La vida da muchas vueltas, suele decirse: en 2013, a causa de la inesperada renuncia del Papa Benedicto XVI, el novelista británico Robert Harris tuvo la inspirada idea de empezar a investigar y documentarse en todo el proceso que pudo leer durante el cónclave de la curia romana en que fue elegido Papa Francisco: estuvo trabajando en su novela de forma intermitente pero constante y en el año 2016 salió publicada su novela titulada Cónclave que, por lo que cuentan, tuvo cierto éxito por lo menos en el mundo anglosajón.

El resultado de su comercialización libresca conllevó que la industria del cine deseara llevar la ficción a la pantalla y hete aquí que el año pasado 2024 se estrenó y hace un mes se llevaba un oscar por el guión adaptado por Peter Straughan sobre el que se basa la película homónima, Cónclave dirigida por Edward Berger, película que hace muy poco puede verse en streaming cómodamente, justo cuando se produce el fallecimiento del Papa Francisco I, precisamente el que resultó electo en 2013.

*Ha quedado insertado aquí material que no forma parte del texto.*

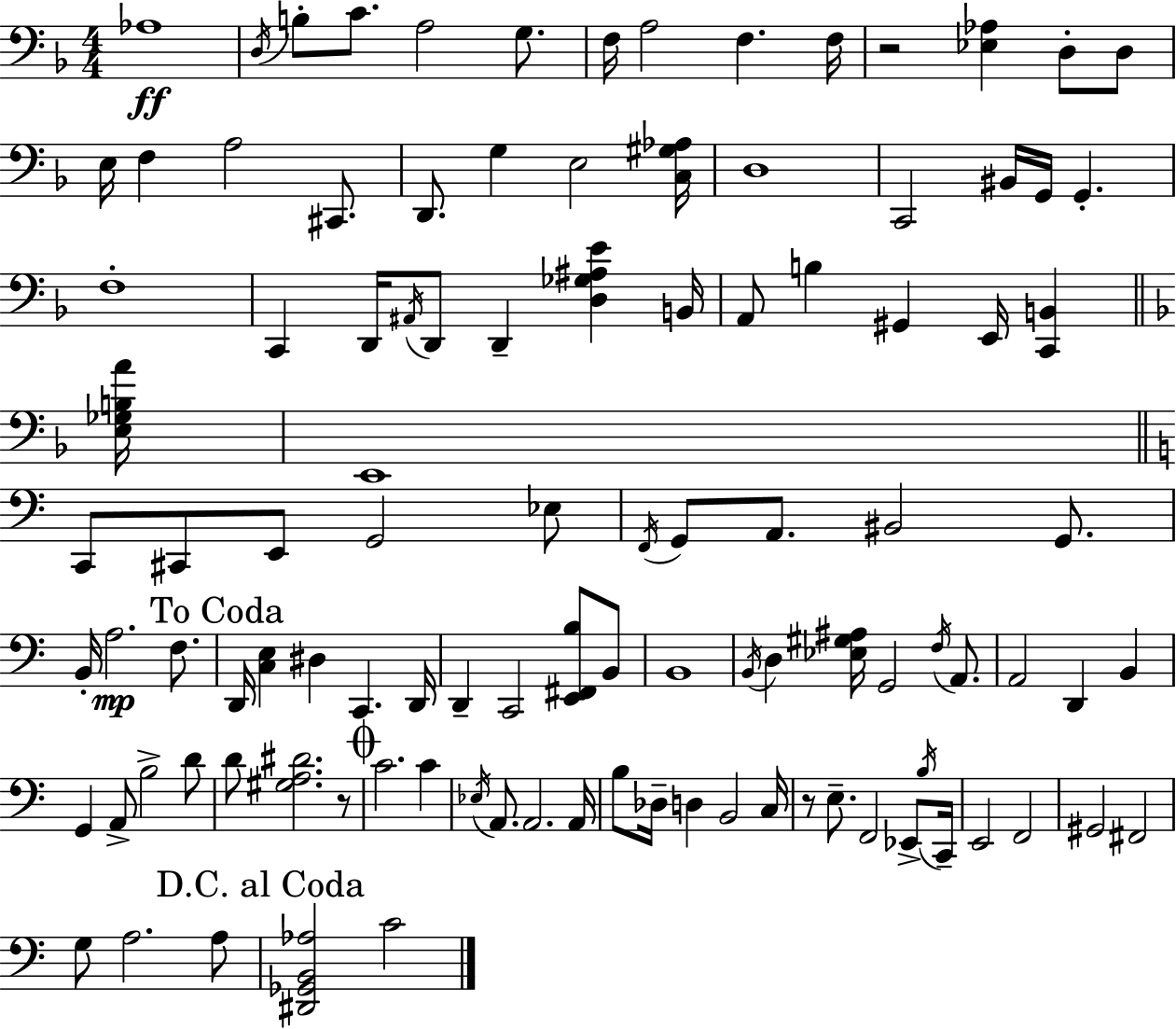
X:1
T:Untitled
M:4/4
L:1/4
K:F
_A,4 D,/4 B,/2 C/2 A,2 G,/2 F,/4 A,2 F, F,/4 z2 [_E,_A,] D,/2 D,/2 E,/4 F, A,2 ^C,,/2 D,,/2 G, E,2 [C,^G,_A,]/4 D,4 C,,2 ^B,,/4 G,,/4 G,, F,4 C,, D,,/4 ^A,,/4 D,,/2 D,, [D,_G,^A,E] B,,/4 A,,/2 B, ^G,, E,,/4 [C,,B,,] [E,_G,B,A]/4 E,,4 C,,/2 ^C,,/2 E,,/2 G,,2 _E,/2 F,,/4 G,,/2 A,,/2 ^B,,2 G,,/2 B,,/4 A,2 F,/2 D,,/4 [C,E,] ^D, C,, D,,/4 D,, C,,2 [E,,^F,,B,]/2 B,,/2 B,,4 B,,/4 D, [_E,^G,^A,]/4 G,,2 F,/4 A,,/2 A,,2 D,, B,, G,, A,,/2 B,2 D/2 D/2 [^G,A,^D]2 z/2 C2 C _E,/4 A,,/2 A,,2 A,,/4 B,/2 _D,/4 D, B,,2 C,/4 z/2 E,/2 F,,2 _E,,/2 B,/4 C,,/4 E,,2 F,,2 ^G,,2 ^F,,2 G,/2 A,2 A,/2 [^D,,_G,,B,,_A,]2 C2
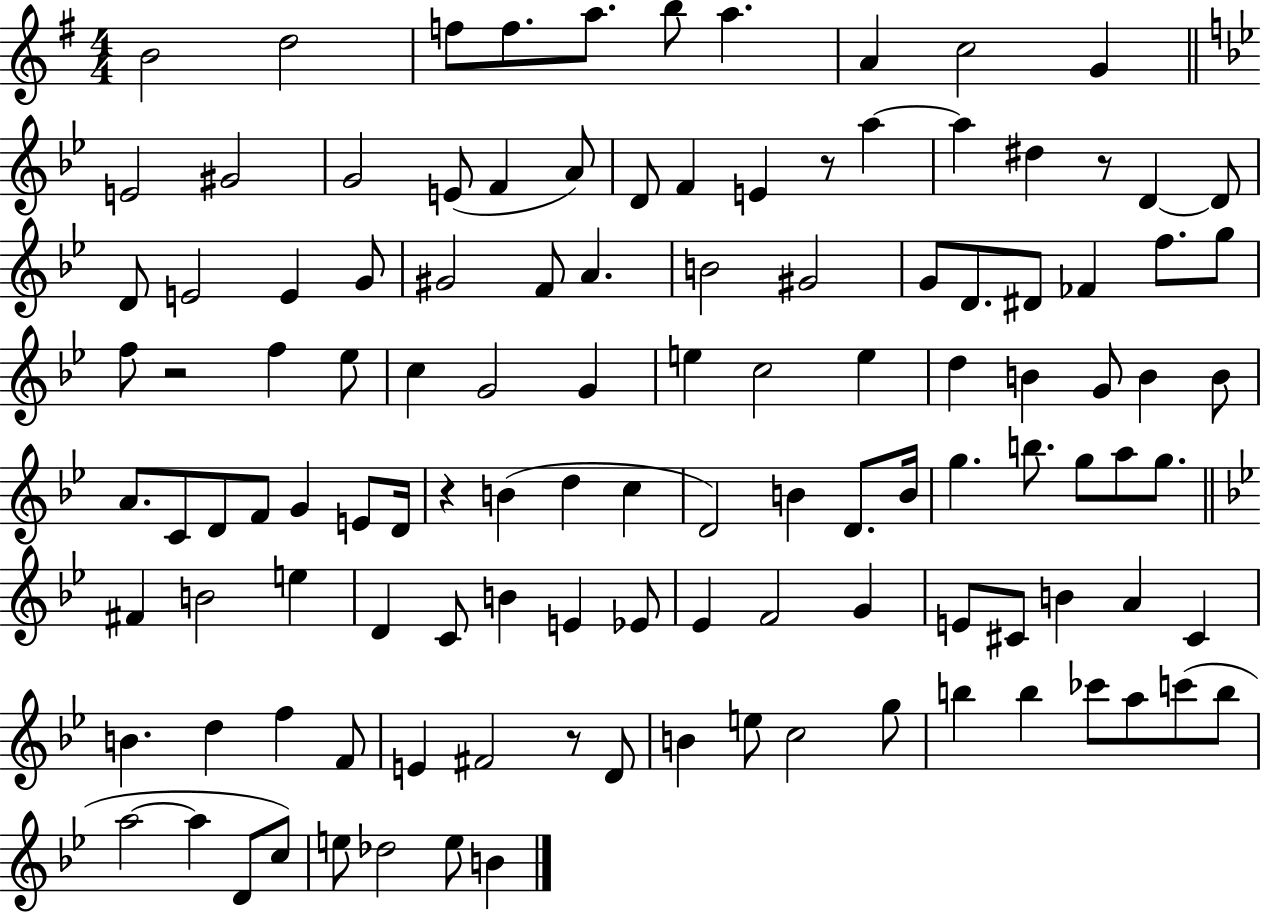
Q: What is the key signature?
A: G major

Seguro que ahora el visionado de la película se incrementará y conviene recordar que no es un documental sino una ficción de la que se pueden decir varias cosas:

Es sabido y notorio que la organización de la Iglesia Católica puede ser muchas cosas pero no desde luego un grupo de gentes que tomen sus decisiones de forma apresurada y descuidada, así que podemos colegir que en lo que hace a la forma, al protocolo ancestral provisto de salvaguardas modernas, lo que vemos en la pantalla se acerca bastante a lo que puede ocurrir durante un cónclave, que, no lo olvidemos, es un acontecimiento que ocurre de forma imprevisible salvo, precisamente, el que inspiró la novela, en cuyo cónclave el Papa estaba vivito y coleando, lo que no es habitual.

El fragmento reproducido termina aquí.